私たちの人生を仏法に照らし合わせ、明るい未来へ歩んでいくこと。それこそがご先祖から願われていることです。
そして、このご縁と願いをひとつの形にしたのが「永代経法要」です。
亡き人を偲び、亡き人の願いに応え、それをご縁として、仏法を受け継ぐ場であるお寺の護持相続のため、懇志を寄進する尊い伝統が続いてきました。そしてまた、この伝統によって永代にわたって仏法が守られ、ご先祖の供養も引き継がれてまいります。
●お盆
お盆とは「孟蘭盆(うらぼん)」といい、梵語の「ウランバナ」を音写したもので、「倒懸(とうけん)」(木に逆さに吊るされたような苦しみ)と訳します。
お盆の行事は、『仏説孟蘭盆経』というお経に説かれている釈尊のお弟子・目連尊者の物語に由来するものです。
神通第一と呼ばれた目連尊者は、亡き母を案じ、神通力によって母の姿を探し求めますが、母は餓鬼の世界に落ち、苦しんでいました。 目連尊者は悲しみの中、何とか母を助けたいという思いで、食物を母のもとへ運びます。しかし、母のもとでは全てが炎に変わってしまうのです。どうすることもできない目連尊者は釈尊のもとを訪ね、「安居の最後の日に三世の諸仏方に百味の飲食を供えなさい」と教えられます。その功徳によって、母は餓鬼道から救われたという経説がもととなっています。
このような由来のお盆ですが、浄土真宗では餓鬼道から亡き人を救う施餓鬼という行事は行いません。なぜなら阿弥陀如来の本願に出会った者は必ず浄土に迎え入れていただくからです。
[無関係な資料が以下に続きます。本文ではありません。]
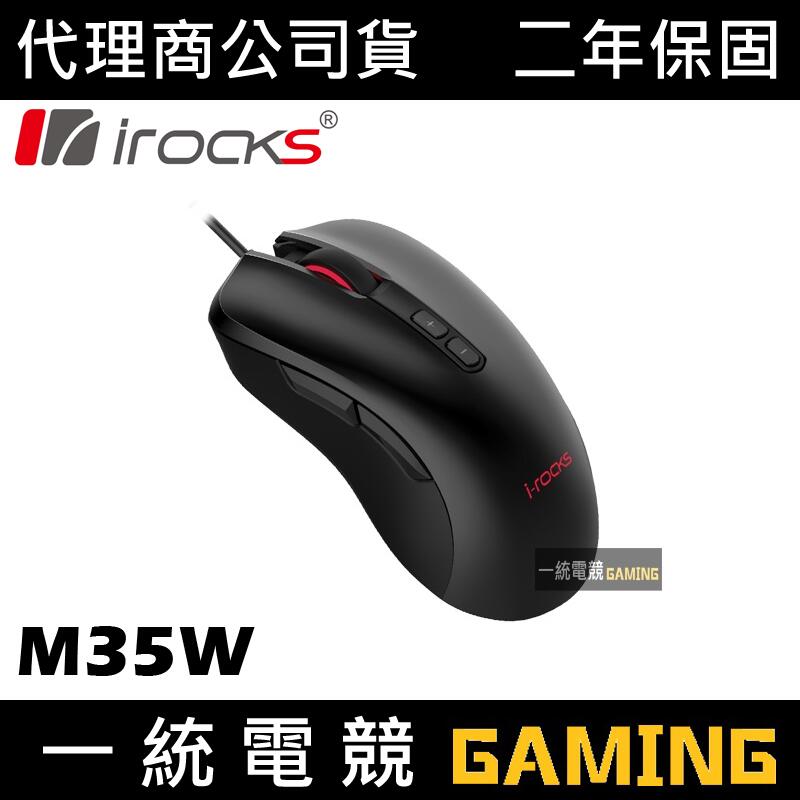 【一統電競】艾芮克 I-ROCKS M35W M35 RGB 光磁微動電競滑鼠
ですから真宗門徒にとってのお盆は、法事と同様に、亡き人を通して本願に出会う大切なご縁として行うものです。
●お飾り(お荘厳)の意味
お荘厳とは仏さまを美しくお飾りし、尊崇(尊び崇めること)の意を表すことを言いますが、「荘厳」の本来の意味は形のない大切なものを、形にして表すという意味です。
真理は目に見えません。愛や友情もまたしかり。あたたかさもそうですし、いのちそのものも直接見えるものではありません。ですが、確かにあると感じられるものです。
しかし、人はそうした大切なものをつい見失ってしまいそうになります。ですから、大切なものを感じるための手がかりが必要になります。それがお荘厳というものです。